### What is required
Starting with the line that includes "Olori Green And Red Dress Dresses", write out every remaining line of the records below exactly as it appears, leaving out any images.

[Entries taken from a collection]
>>>>

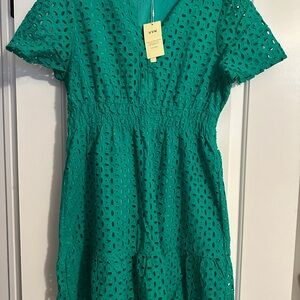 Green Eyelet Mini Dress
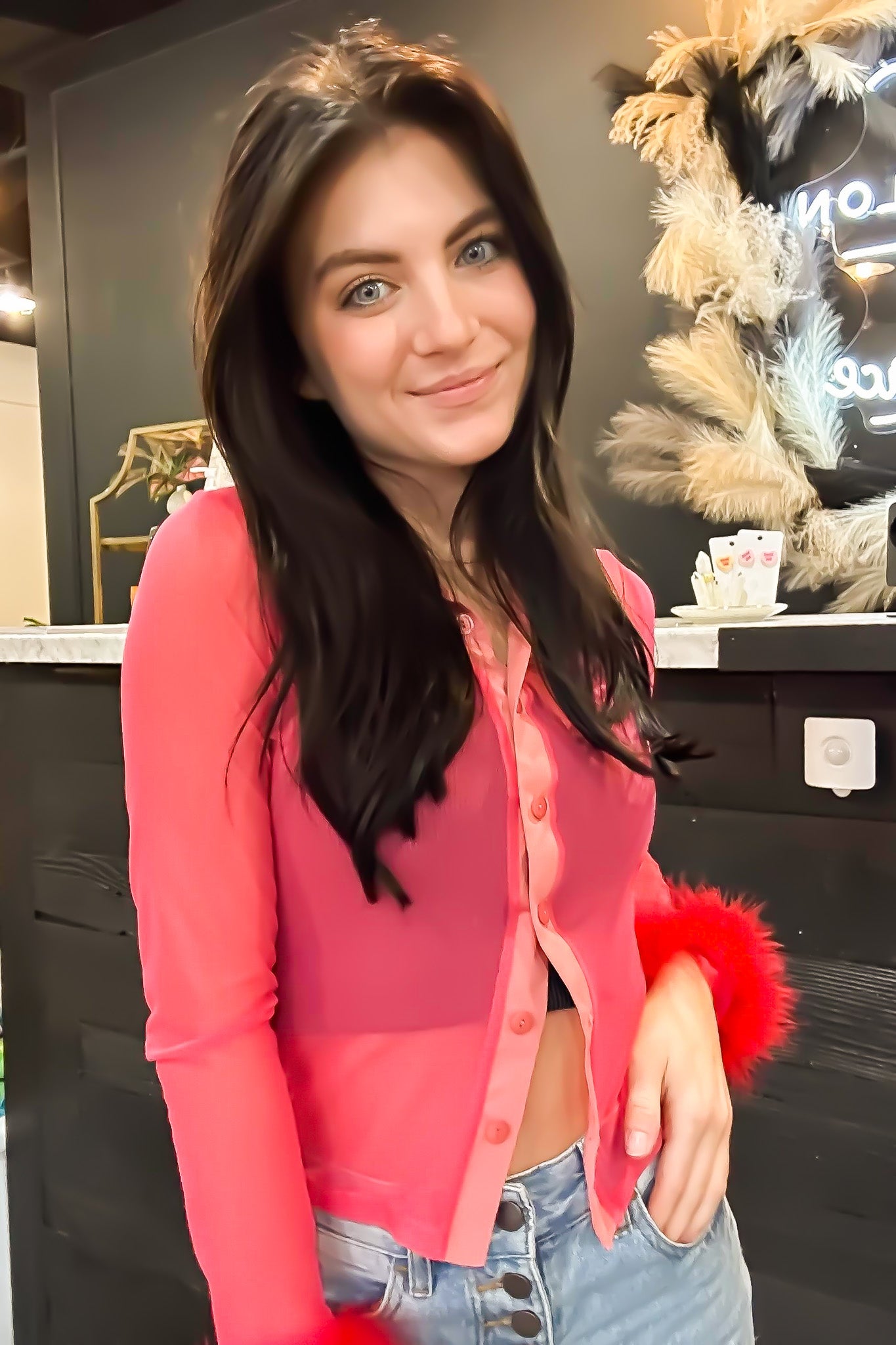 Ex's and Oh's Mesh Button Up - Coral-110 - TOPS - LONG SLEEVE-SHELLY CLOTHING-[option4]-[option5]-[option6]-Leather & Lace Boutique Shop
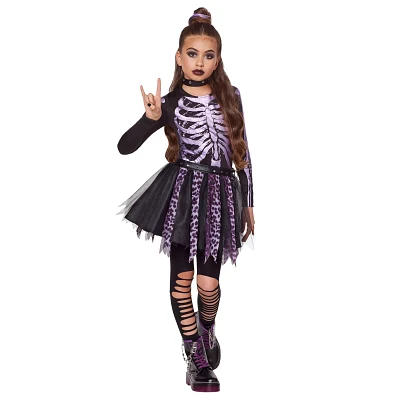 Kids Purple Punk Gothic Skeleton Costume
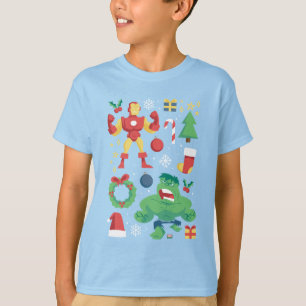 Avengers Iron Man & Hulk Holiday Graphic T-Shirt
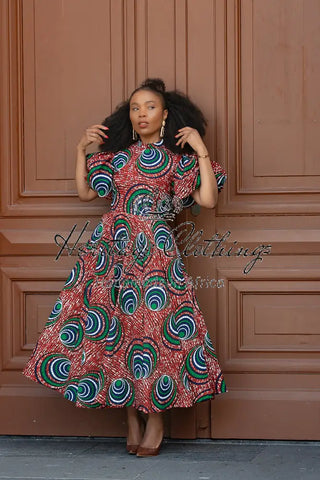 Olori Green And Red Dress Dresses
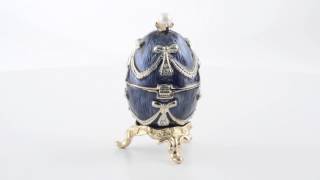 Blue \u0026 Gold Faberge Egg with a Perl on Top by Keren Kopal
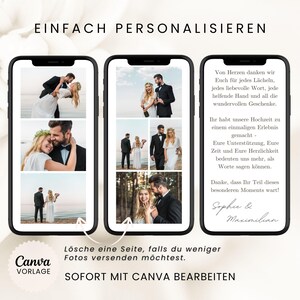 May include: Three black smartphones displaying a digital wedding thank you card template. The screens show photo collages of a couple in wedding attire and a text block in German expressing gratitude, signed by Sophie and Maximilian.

<<<<

### Response box
 Olori Green And Red Dress Dresses
 Blue \u0026 Gold Faberge Egg with a Perl on Top by Keren Kopal
 May include: Three black smartphones displaying a digital wedding thank you card template. The screens show photo collages of a couple in wedding attire and a text block in German expressing gratitude, signed by Sophie and Maximilian.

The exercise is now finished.